= The records =
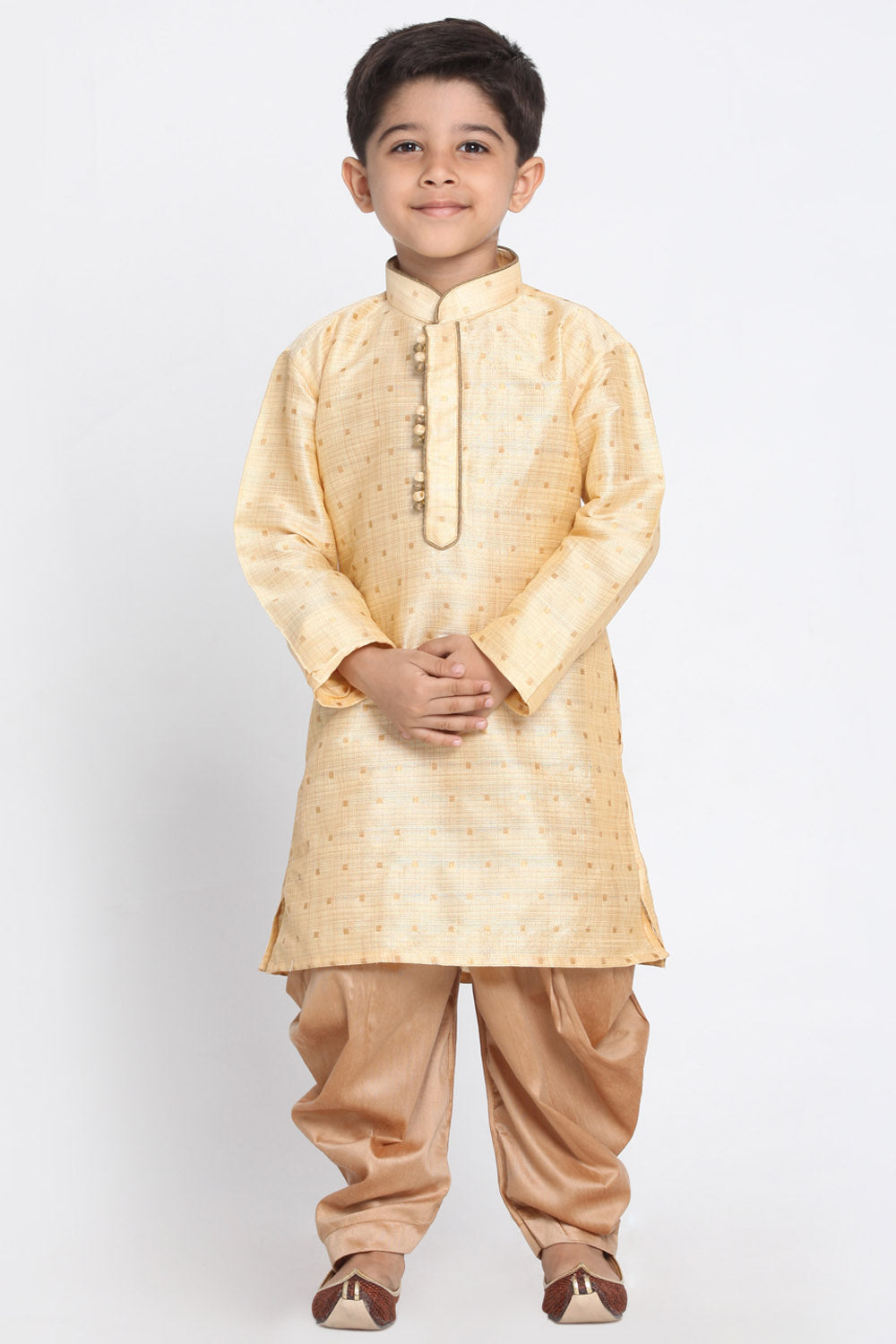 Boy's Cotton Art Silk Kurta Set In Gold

==

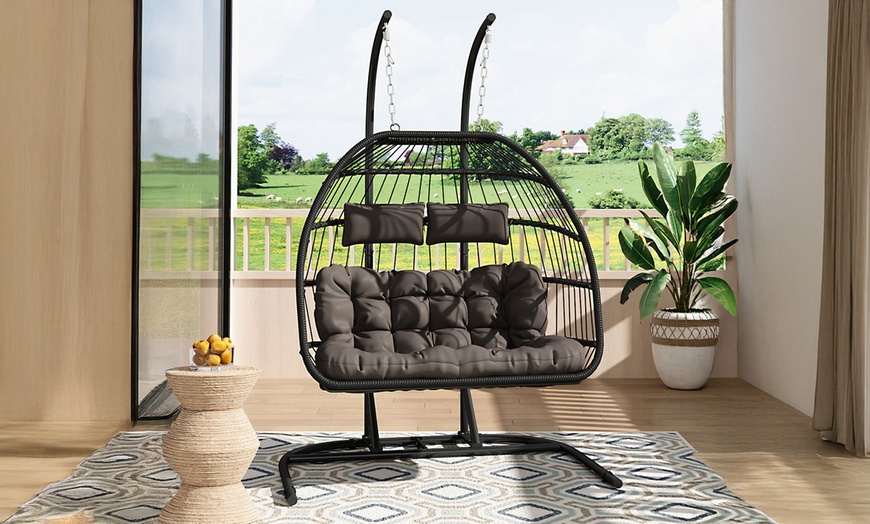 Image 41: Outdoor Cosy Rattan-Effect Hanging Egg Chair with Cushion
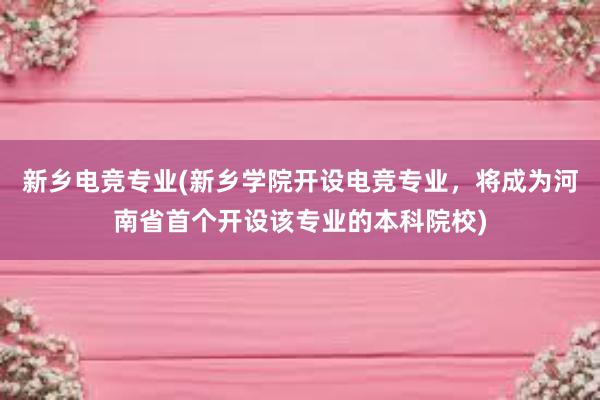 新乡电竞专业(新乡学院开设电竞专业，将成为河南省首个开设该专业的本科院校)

...

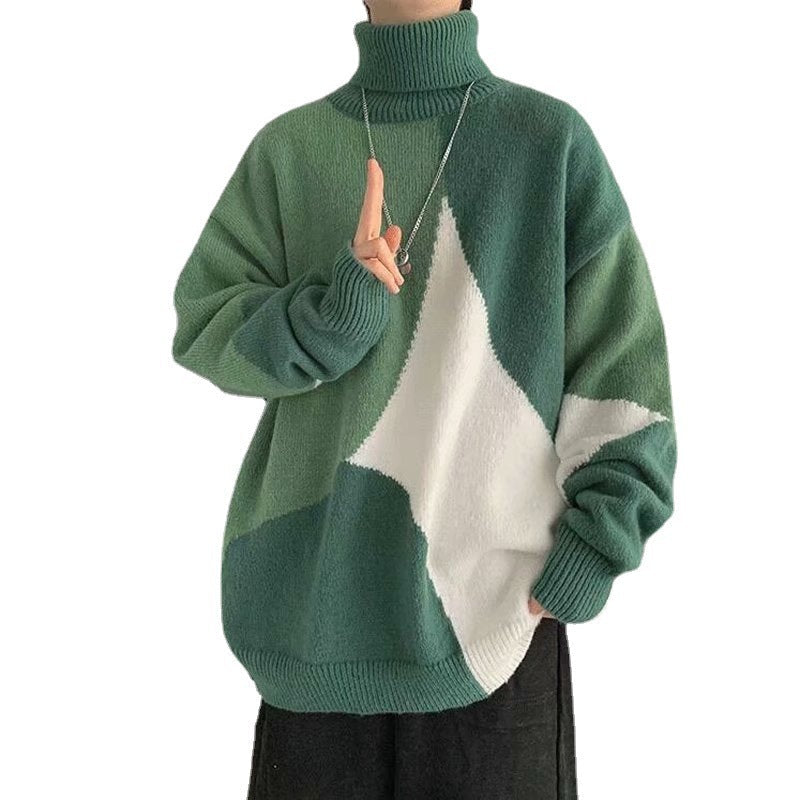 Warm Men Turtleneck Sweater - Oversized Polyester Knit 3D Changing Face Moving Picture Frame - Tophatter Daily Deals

= Your assignment =
Without the pictures, give again exactly the lines above starting at the line containing "Image 41: Outdoor" and ending at the line containing "新乡电竞专业(新乡学院开设电竞专业，将成为河南省首个开设该专业的本科院校)".

= Response to this exercise =
 Image 41: Outdoor Cosy Rattan-Effect Hanging Egg Chair with Cushion
 新乡电竞专业(新乡学院开设电竞专业，将成为河南省首个开设该专业的本科院校)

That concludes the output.